— AVAILABLE DATA —
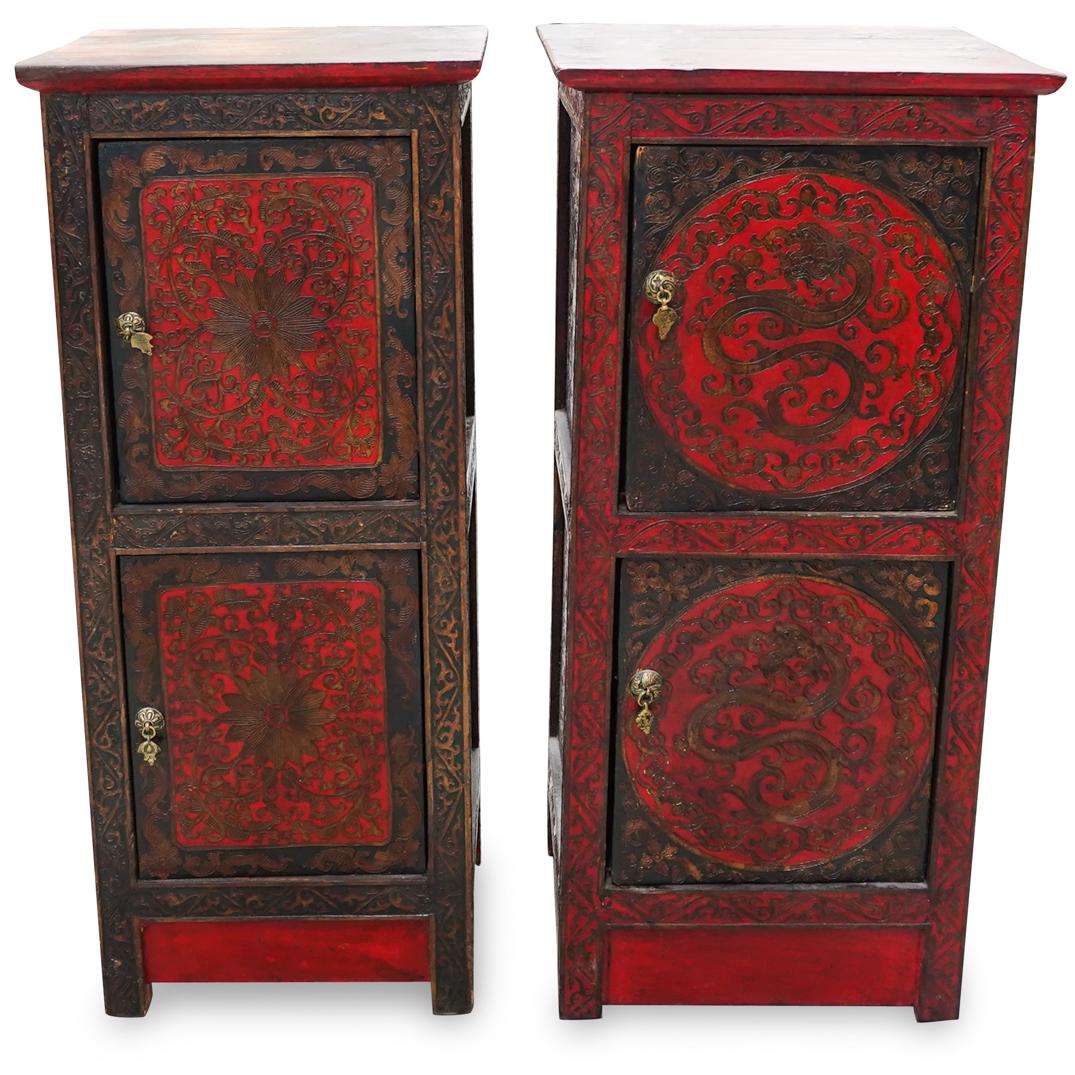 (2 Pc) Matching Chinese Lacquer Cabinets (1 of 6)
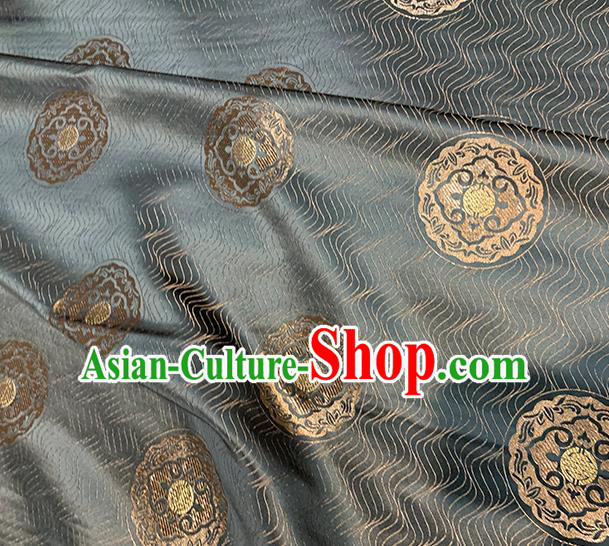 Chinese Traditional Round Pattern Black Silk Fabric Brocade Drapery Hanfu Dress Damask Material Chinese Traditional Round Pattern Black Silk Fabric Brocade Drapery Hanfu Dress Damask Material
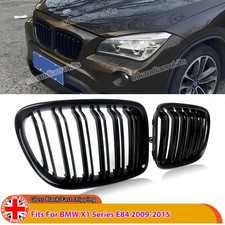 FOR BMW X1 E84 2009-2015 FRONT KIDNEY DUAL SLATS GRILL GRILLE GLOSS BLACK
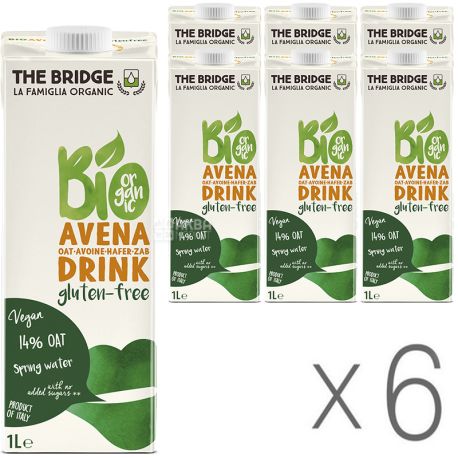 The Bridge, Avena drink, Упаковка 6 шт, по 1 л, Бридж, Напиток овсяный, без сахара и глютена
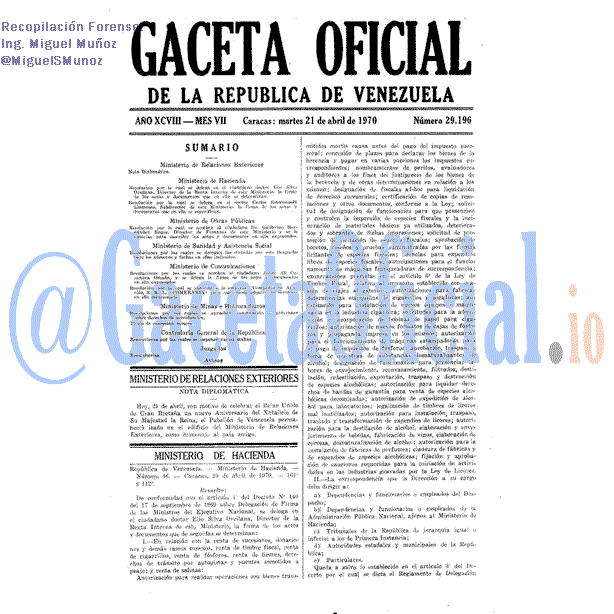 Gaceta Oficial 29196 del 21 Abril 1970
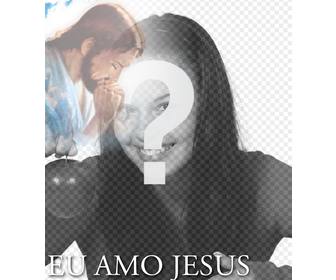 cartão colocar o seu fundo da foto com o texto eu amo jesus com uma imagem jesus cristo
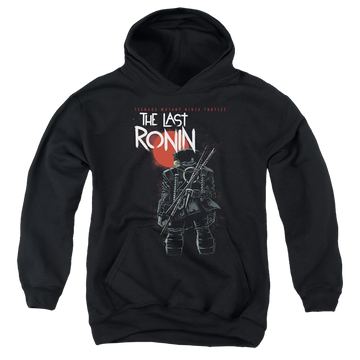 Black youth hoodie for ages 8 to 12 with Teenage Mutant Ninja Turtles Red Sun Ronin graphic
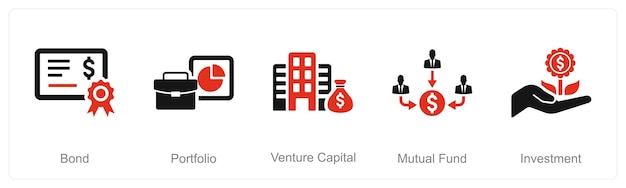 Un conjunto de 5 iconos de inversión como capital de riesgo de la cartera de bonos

— PROBLEM REQUIREMENTS —
Nothing but the pictures may be dropped; output the records above exactly.

— SOLUTION TO THIS EXERCISE —
 (2 Pc) Matching Chinese Lacquer Cabinets (1 of 6)
 Chinese Traditional Round Pattern Black Silk Fabric Brocade Drapery Hanfu Dress Damask Material Chinese Traditional Round Pattern Black Silk Fabric Brocade Drapery Hanfu Dress Damask Material
 FOR BMW X1 E84 2009-2015 FRONT KIDNEY DUAL SLATS GRILL GRILLE GLOSS BLACK
 The Bridge, Avena drink, Упаковка 6 шт, по 1 л, Бридж, Напиток овсяный, без сахара и глютена
 Gaceta Oficial 29196 del 21 Abril 1970
 cartão colocar o seu fundo da foto com o texto eu amo jesus com uma imagem jesus cristo
 Black youth hoodie for ages 8 to 12 with Teenage Mutant Ninja Turtles Red Sun Ronin graphic
 Un conjunto de 5 iconos de inversión como capital de riesgo de la cartera de bonos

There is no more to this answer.